Барин сгреб его в охапку и потащил к этой самой кровати, почти что на руках понес. Петя со смехом отбивался и выворачивался, а как Алексей Николаевич толкнул его на простыни и лег рядом — приник к нему и первый стал целовать.

Рубаху он и не завязывал толком, зная, чем все окончится, и потому барин сразу ее стянул. Они быстро избавились от мешавшейся одежды, и Петя откинулся на подушки, расслабленно потягиваясь. Но едва Алексей Николаевич нетерпеливо прижал его к себе — мягко отстранился. Он хотел, чтобы сейчас, после разлуки и ссоры, было долго и нежно. Не торопятся ведь они никуда.

Барин улыбнулся, поняв. И стал целовать его шею, убирая еще влажные кудри, возвращался к губам и, прерываясь, называл его ласково, шептал, какой же он красивый и как давно хотелось… Петя млел и льнул к нему всем телом, обнимал и гладил. Только с правым боком осторожно надо было: там синяки желтели, а чуть выше был только сошедший ожог от близкого выстрела — пуля едва задела и осталась та царапина, с которой он в госпитале лежал.
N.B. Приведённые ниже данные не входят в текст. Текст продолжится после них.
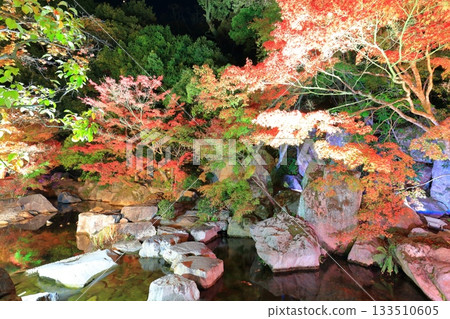 [Ehime Prefecture] Matsuyama Castle's Ninomaru Garden of Light 133510605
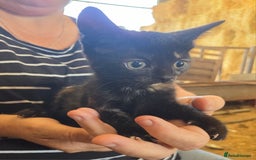 Mixed Breed cats for sale: 3 Female Farm kittens (NOT FERAL) - Image 7
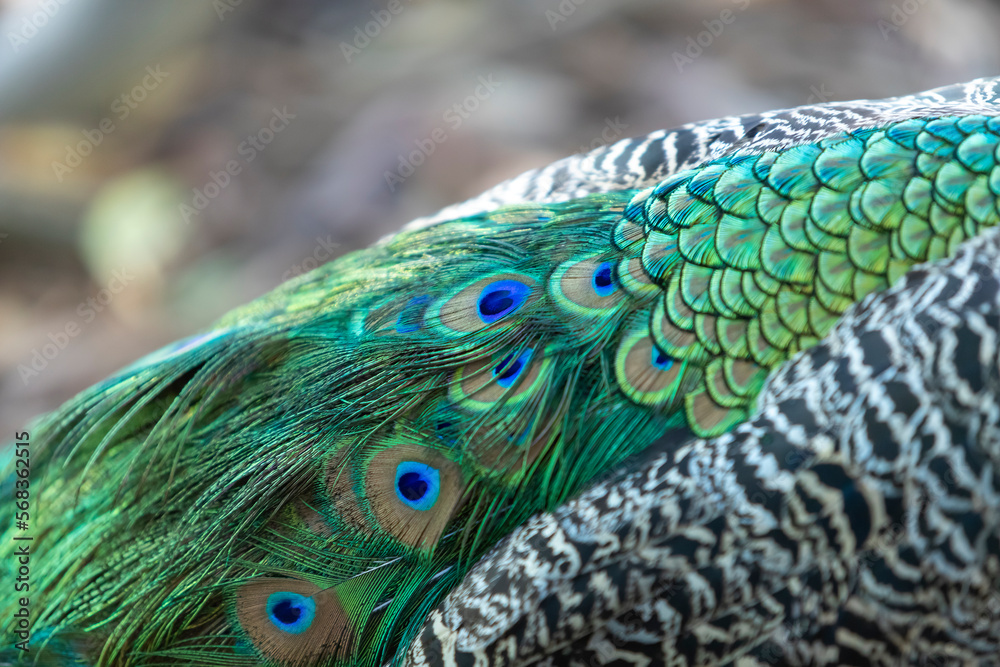 Obraz premium Pavone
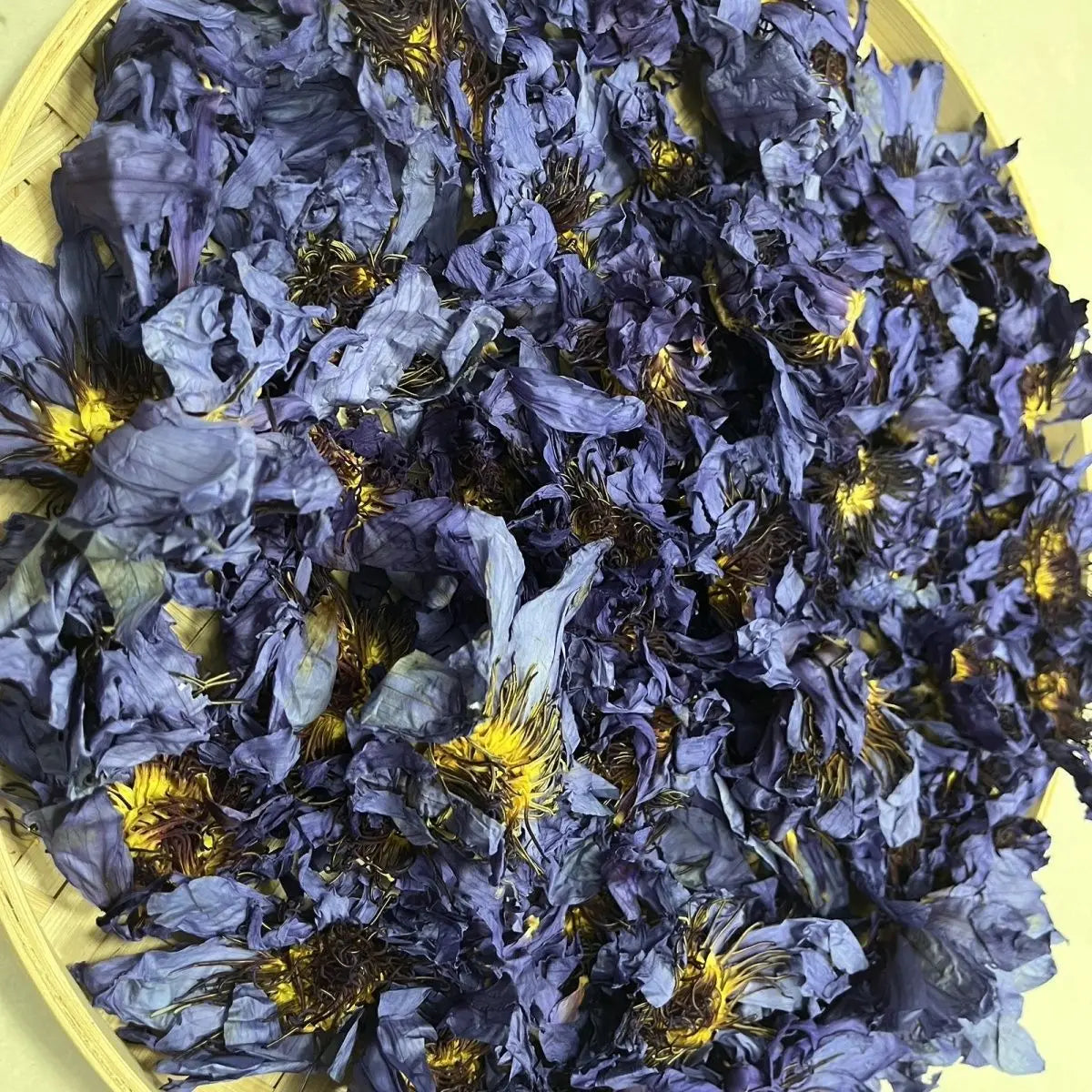 Premium Dried Blue Lotus – Egyptian Water Lily Flowers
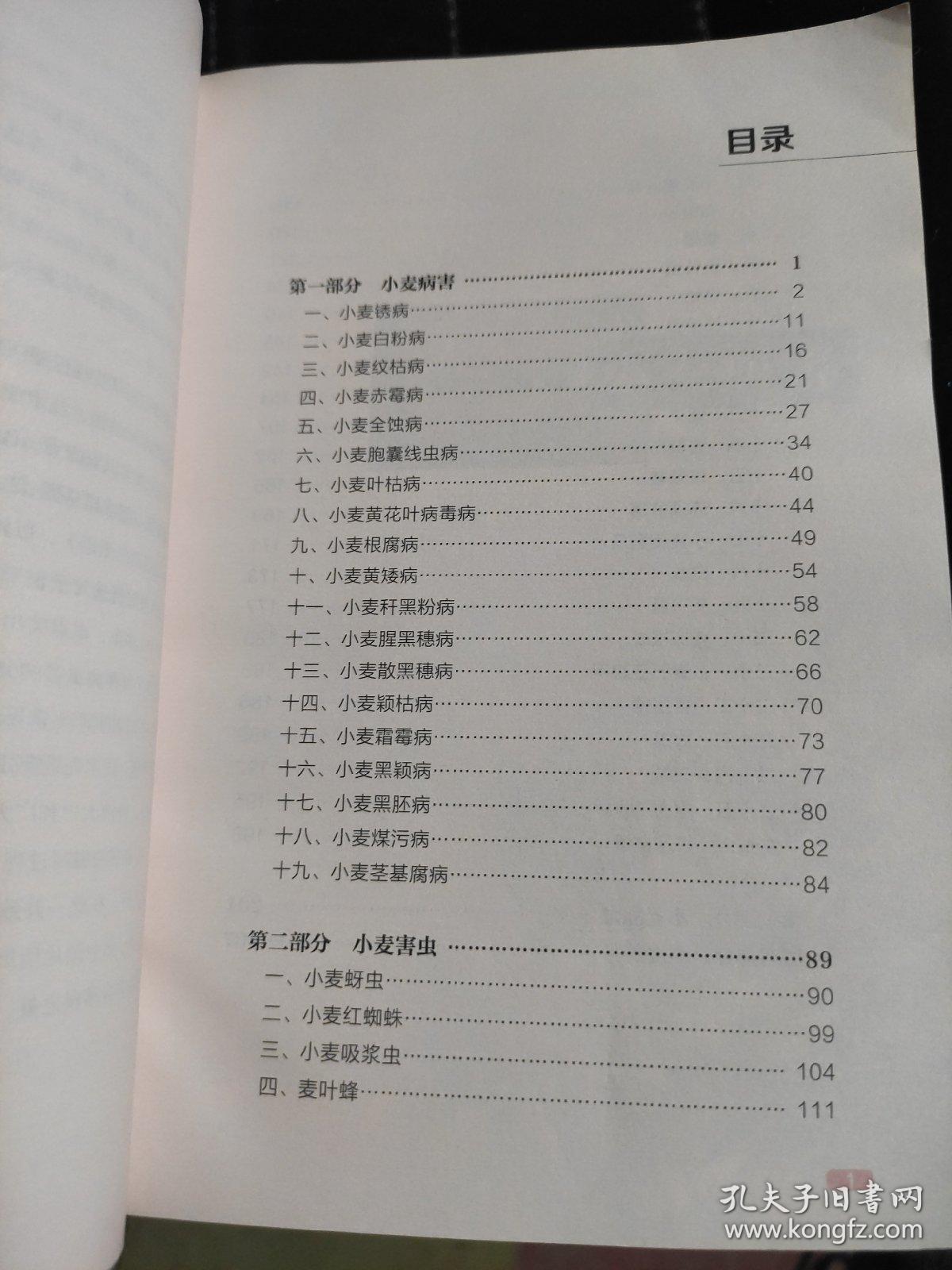 原色简谱_三原色简谱(3)
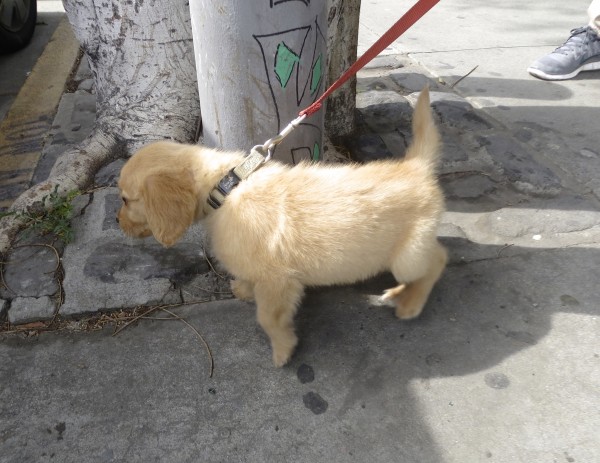 8-Week-Old Ridiculously Adorable Golden Retriever Puppy Leaning Against A Large Metal Pole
Алексей Николаевич опустился ниже, стал настойчивее — крепко стиснул, впился в плечо, и Петя закусил губу. Но не сдержался скоро — громко выдохнул и заерзал, приникнув к нему. Не позволил-то сразу из упрямства, на самом деле сил никаких терпеть уже не было. Мыслимо ли — с весны ждать!

Неприятно и неловко было немного, но Петя только глаза прикрыл и отвернулся. Начал-то сам, да и барин не виноват, что он отвык за столько времени… Хотя как посмотреть: мог бы и раньше приласкать, а не выдумывать невесть что и обижать несправедливо.

Петя отбросил ненужные досадные мысли и улыбнулся ему. Хорошо было все-таки, а он нашел, о чем думать, когда лучше и не бывает. Вот уж не поймешь, повезло Алексею Николаевичу с ним или нет, нрав такой злой терпеть трудно. Простил он вроде, а до сих пор ссору помнил.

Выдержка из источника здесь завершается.